Children are wonderful entrepreneurs, and getting them involved with raising funds helps to build excitement about the event itself. Win win.
So here are 5 fun ideas to get you and your students started on raising funds for author visits and more.
When I was little, my teacher had the brilliant idea of having us stay silent for 30 minutes to raise money for a charity. I can’t remember the charity now, but I remember gathering the pledges (no one thought we’d be able to do it) and those 30 minutes (we did it easily!). My class even made the local paper.
Pledge drives are a fun way for kids to feel like they’re contributing. And they can be organized for just about anything. To give kids more ownership of an author event, you could do a pledge drive for the number of books they read in a month, over the summer or in a school year, with the funds raised used for author events the following year. The kids could even help choose the authors. (We’ve got plenty that we can recommend.)
Author visit pledge drives could even be targeted to a specific book. For example, kids could do a Random Acts of Kindness Pledge Drive to raise funds for an author visit with Bethany Hegedus talking about her GRANDFATHER GANDHI books. Pledges could be collected for each Act of Kindness the kids do in a week or month. Or perhaps kids could get pledges for gardening, like planting flowers to beautify their school, as they raise funds for an author visit for Erzsi Deak‘s PUMPKIN TIME! or Ammi-Joan Paquette‘s “Tiptoe Into Nature!” presentation.
With the rise of online printing, making calendars has become a fun and creative way to raise funds. An online search brings up numerous companies that print calendars, with varying costs and services, and even some that specialize in calendars for fundraising. Choose one that best fits your needs and abilities, for example whether you can design it yourself or want to use their template.
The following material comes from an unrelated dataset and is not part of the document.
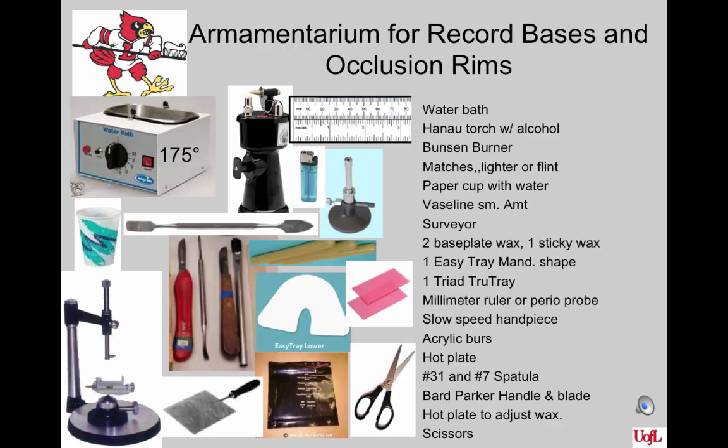Here is the armamentarium needed for this project: a water bath, a Hanau torch with alcohol, a Bunsen burner to melt the wax, matches or a lighter, a paper cup with water, a small cup with Vaseline to lubricate the cast, a surveyor, two pieces of base plate wax and one piece of sticky wax, an Easy Tray mandibular shape, one Triad True Tray, a millimeter ruler or perio probe, a slow-speed handpiece, acrylic burrs, a hot plate, number 11 and number 7 spatulas, a Bard Parker handle with blade, and scissors to cut the material.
And the best part is, the children in your school can take this on as their own project. They can decide what to use for the art, design the calendar, choose colors, and write captions–with teacher supervision, of course. Imagine their smiling faces when they open the box of finished calendars they created. And imagine how quickly parents, family and friends will want to get their own copy.
For the artwork, kids could take photos, draw or paint, but these too can be geared toward your specific activity. Your students could re-create their favorite scenes from books, complete with costumes and props, and take photos for the calendar. Or they could draw or paint their favorite characters from books and combine them into collages for the each month. P.J. Hoover‘s TUT series has lots of mythical scenes that could be illustrated, or Janet Fox‘s THE CHARMED CHILDREN OF ROOKSKILL CASTLE. When the author comes for a visit with the funds raised, the children will relish the opportunity to show them the calendar that brought the author there.
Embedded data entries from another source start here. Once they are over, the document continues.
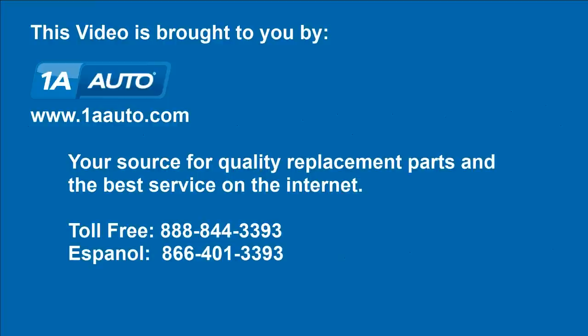Brought to you by 1AAuto.com, your source for quality replacement parts and the best service on the Internet. Hi, I'm Mike from 1A Auto. I hope this how-to video helps you out. Please, next time you need parts for your vehicle, think of 1AAuto.com.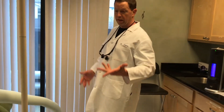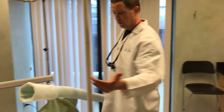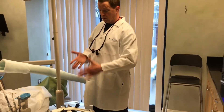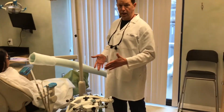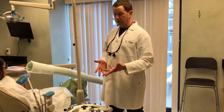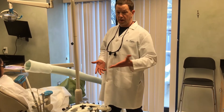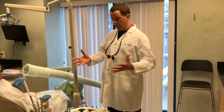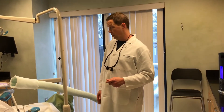We also have one other thing that's great for the environment. When we suction the filling particles out of the patient's mouth, everything goes down the drain and into the public water system. We have what's called an amalgam separator, which captures the particles. We have this filter that gets replaced every year, and that way we're not dumping mercury and other materials into the city water.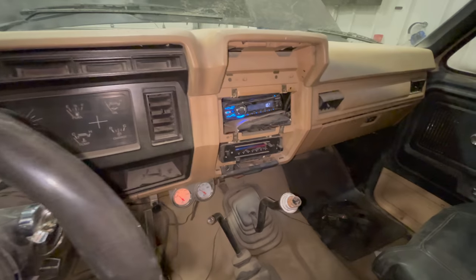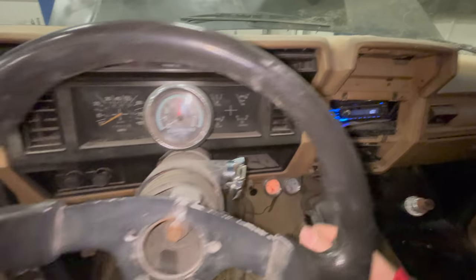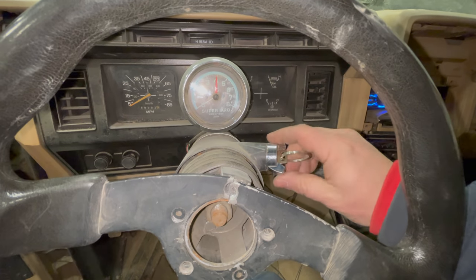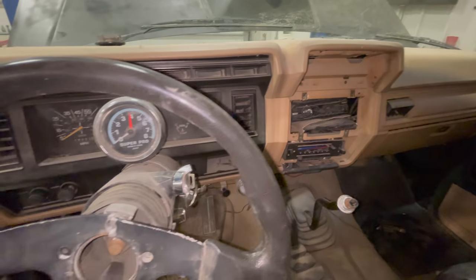Right now what I'm interested in is seeing if this will start. The radio turned on and I could see some of the gauges did move, so maybe some of them do work. I hit the starter — nothing. I think I'll put the Bronco up in the air and take a look at the starter.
Much like the calendar, a school cookbook can make a great fundraiser. Lots of children enjoy cooking, and parents, family and friends would love to buy a special cookbook. It’ll also make a great gift.
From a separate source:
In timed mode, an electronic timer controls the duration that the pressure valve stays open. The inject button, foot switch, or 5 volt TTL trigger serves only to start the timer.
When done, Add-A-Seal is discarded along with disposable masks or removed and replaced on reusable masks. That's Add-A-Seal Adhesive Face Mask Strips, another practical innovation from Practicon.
To customize the cookbook, children can choose their favorite recipes and even include a photo of themselves with the dish.
And recipes can be coordinated with the event for which you want to raise funds. For example, kids could think up their favorite pies for a THE GOOD-PIE PARTY party, like the book by Liz Garton Scanlon.
Literary Dinner Night
With the help of the PTA/PTO, put on a Literary Dinner Night. Students can read their own short stories, the PTA/PTO can provide food, and tickets can be sold.
Short stories could be inspired by the books they’re reading or pieces they worked on in class. Sarah Aronson teaches a workshop where students create their own stories. Using a pledge drive, for example, to bring in Sarah could lead to stories for a Literary Dinner Night, which can help raise funds for another author visit.
Pizza & Fun Time
Perhaps a favorite with kids, once a month the school library could hold Pizza & Fun Time during lunch or after school. The PTA/PTO or the cafeteria could provide the pizza, and the library could provide the fun. Maybe it’s a movie, a TV show, a game…maybe a different activity every month.
If enough students pay just a small entrance fee, you’ll be able to raise good money for all your needs. Maybe you can raise enough to have Emily Arrow do a storytime sing-along at a future Pizza & Fun Time.